The SEC wrote in its press release:

The SEC alleges that Maksim Zaslavskiy and his companies have been selling unregistered securities, and the digital tokens or coins being peddled don’t really exist. According to the SEC’s complaint, investors in REcoin Group Foundation and DRC World (also known as Diamond Reserve Club) have been told they can expect sizeable returns from the companies’ operations when neither has any real operations.

The Feds could find no evidence that REcoin had invested in any real estate or had any plans to, or that DRC World had bought or was planning to buy any diamonds. Not only that, the SEC said, “Zaslavskiy and REcoin allegedly misrepresented they had raised between $2 million and $4 million from investors when the actual amount is approximately $300,000.” Zaslavskiy has not commented publicly on these accusations and the REcoin website appears to not be working, despite an ICO supopsedly in progress until October 7.

Just getting started?

Although this is the first time the SEC has charged a company with ICO-related fraud, it certainly won’t be the last. (In case you’re not sure what it is, here’s a good description of an ICO.) The day before filing charges, SEC Chair Jay Clayton said this: “It would shock me if you don’t see pump-and-dump schemes in the initial coin offering space. This is an area where I’m concerned about what’s going to happen to retail investors.” Indeed, it’s hard to feel that all is well when a cryptocurrency observer creates Dogecoin as a joke, but then investors bid up its market value to $400 million.

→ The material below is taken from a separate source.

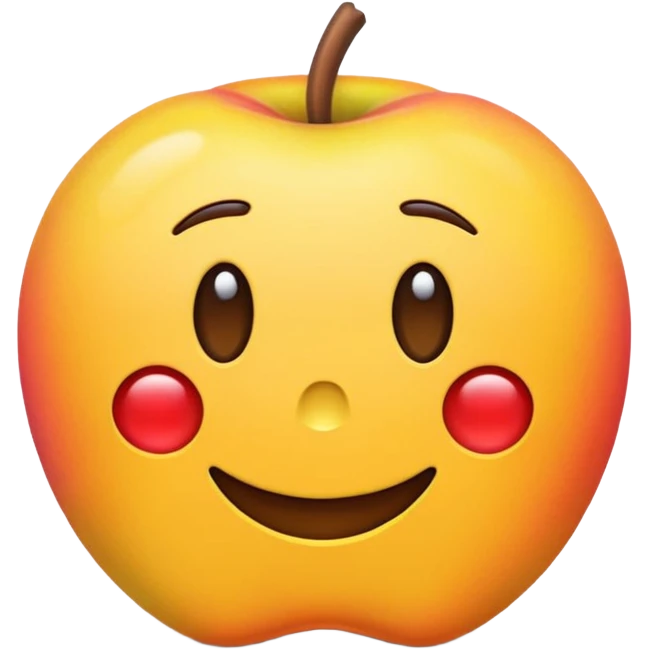 image picture mac os emoji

Does this mean investing in ICOs is always a bad idea? Not necessarily. But they’re different from IPOs in significant ways. First, if you buy shares of a company that’s launched an IPO, you can always sell them on the open market, although if things go badly you might have to accept a significant loss. Second, that company will be expected to adhere to SEC regulations and will also be subject to the thoughtful scrutiny of Wall Street analysts. None of that is true for ICO tokens.

A better way to think about is to look at ICOs as though they were crowdfunding campaigns, except that instead of receiving a product if the campaign succeeds, you’ll instead get an IOU promising you a small piece of the company. It might be a good idea if you do some due diligence first. (Cryptocurrency forums were already abuzz with concerns about REcoin before the SEC made its move.) But you definitely should not invest any money that you can’t afford to lose.